The Life & Legacy of Enslaved Virginian Emily Winfree – Dr. Jan Meck and Virginia Refo

The History Press, 2021; 158 pages; $21.99

The book that Jan Meck and Virginia Refo have written is the first study of the life of Emily Winfree, a Virginia-born African woman who lived from 1834 to 1865 enslaved in Petersburg and Chesterfield Country and, after Emancipation, in Manchester until her death in 1919. Five of her children are attributed to Dr. David C. Winfree of Chesterfield, who purchased Emily Winfree and her two young daughters in 1860. After Emancipation, he gave her a house and property in town and 109 acres of land he owned in Chesterfield before dying in 1867. It was this property that gave Emily Winfree – a domestic worker who could not read – the little stability she could maintain for her children in their free life.

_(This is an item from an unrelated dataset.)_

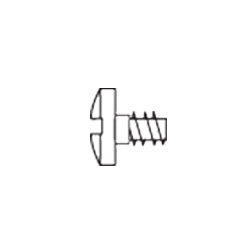 1.4 x 2.9 x 2.8 Stay-Tight Silver Hinge Screw (pack of 100)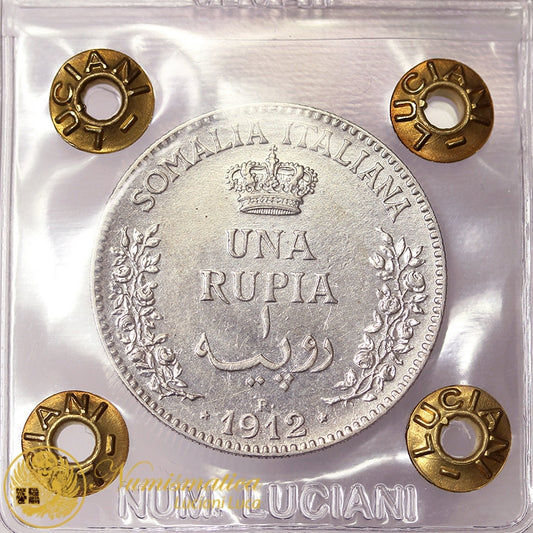 SOMALIA ITALIANA 1 Rupia 1912 VITTORIO EMANUELE III Spl+ RARA #PV447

Using a combination of primary records, interviews with Ms. Winfree’s descendants and imagined conversations, Meck and Rego have compiled an empathetic biography with a great deal of detail about Ms. Winfree’s attempts to leverage the property to secure her family finances. The authors also chose to envelope Ms. Winfree’s struggles in a well-researched history of the rise and fall of Reconstruction in Virginia and how it impacted what opportunities were actually available to newly-freed Black people like Ms. Winfree. Land ownership could make all the difference from a life of impoverished laboring, but it was not a guarantee. In this reader’s opinion one of the strongest themes is that of charting the progress of each generation of Ms. Winfree’s descendants – from illiteracy to educated, from laboring to educators and entrepreneurs. From a single woman, generations of family survived a world of poverty, segregation and arbitrary violence.

Rescued in 2002 from a planned demolition at its original location in Manchester, Ms. Winfree’s post-war cottage now sits on blocks and I-beams next to the Devil’s Half-Acre in Shockoe Bottom, looking weary, but somehow hopeful.